##### SOURCE DATA #####

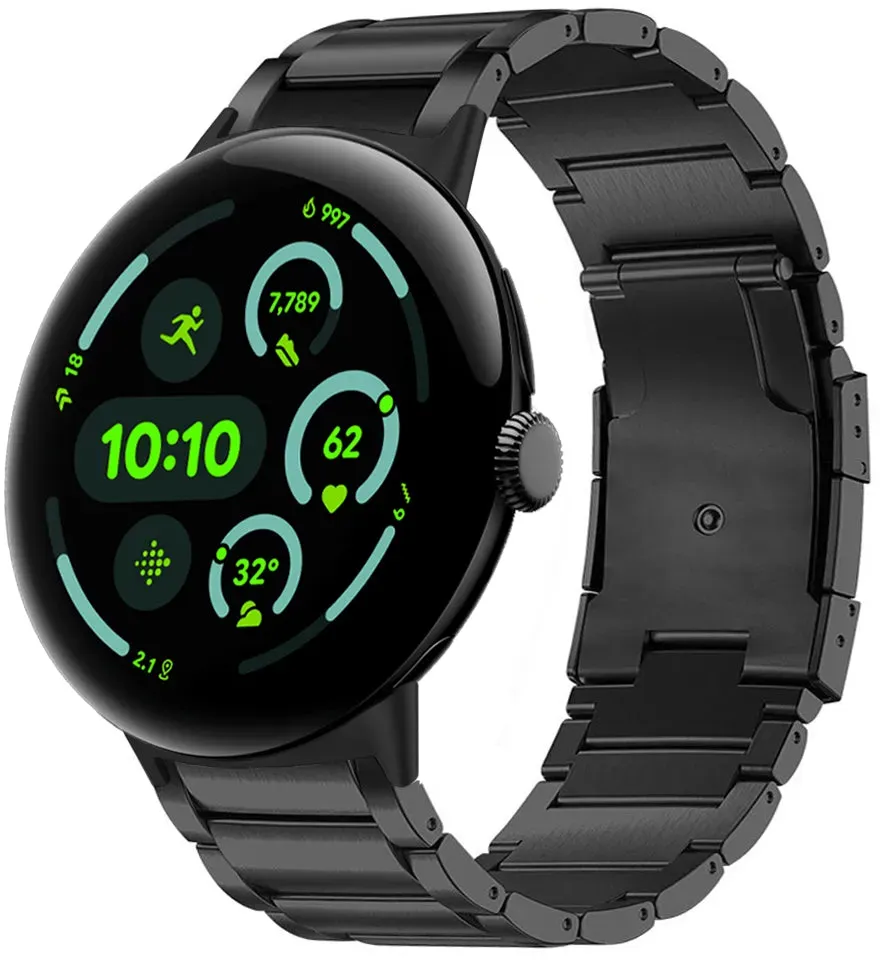 Strap-it Google Pixel Watch 3 Armband Titan für Google Pixel Watch 3  - 45mm - Schwarz - Butterfly-Verschluss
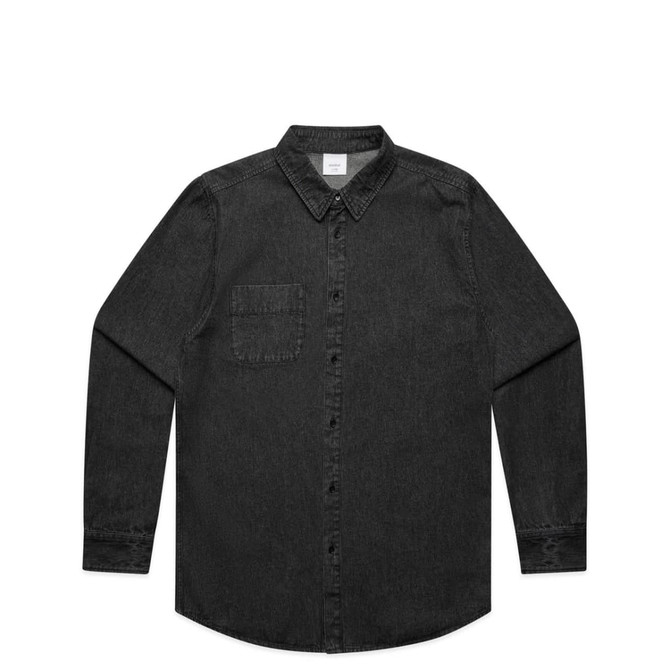 A button-up shirt in stone wash black with a single chest pocket and long sleeves, featuring a logo.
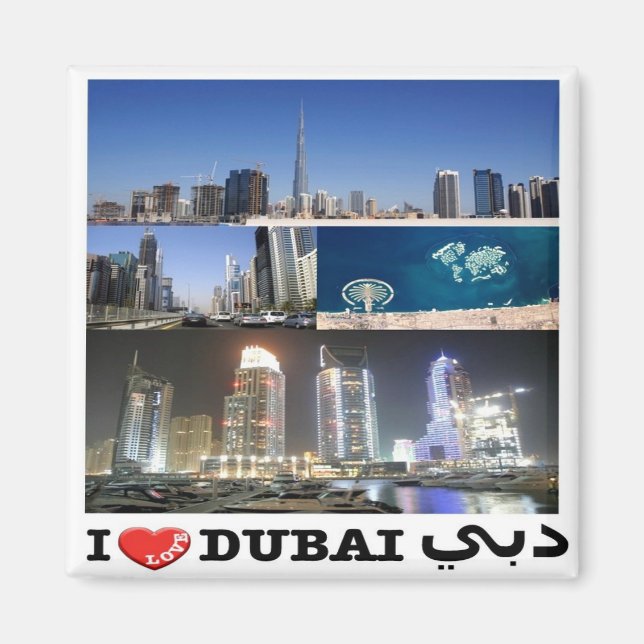Aimant zAE071 I LOVE DUBAI Émirats arabes unis, Fridge (Devant)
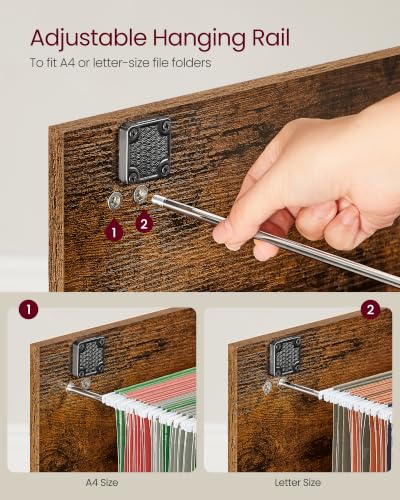 VASAGLE 2 Drawer File Cabinet with Locks, for A4, Letter Sized Documents - color: Rustic Brown, size: 2 Drawers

#####

* WHAT IS NEEDED *
The whole listing must be transcribed exactly. No pictures belong in the copy.

* TASK SOLUTION *
 Strap-it Google Pixel Watch 3 Armband Titan für Google Pixel Watch 3  - 45mm - Schwarz - Butterfly-Verschluss
 A button-up shirt in stone wash black with a single chest pocket and long sleeves, featuring a logo.
Aimant zAE071 I LOVE DUBAI Émirats arabes unis, Fridge (Devant)
 VASAGLE 2 Drawer File Cabinet with Locks, for A4, Letter Sized Documents - color: Rustic Brown, size: 2 Drawers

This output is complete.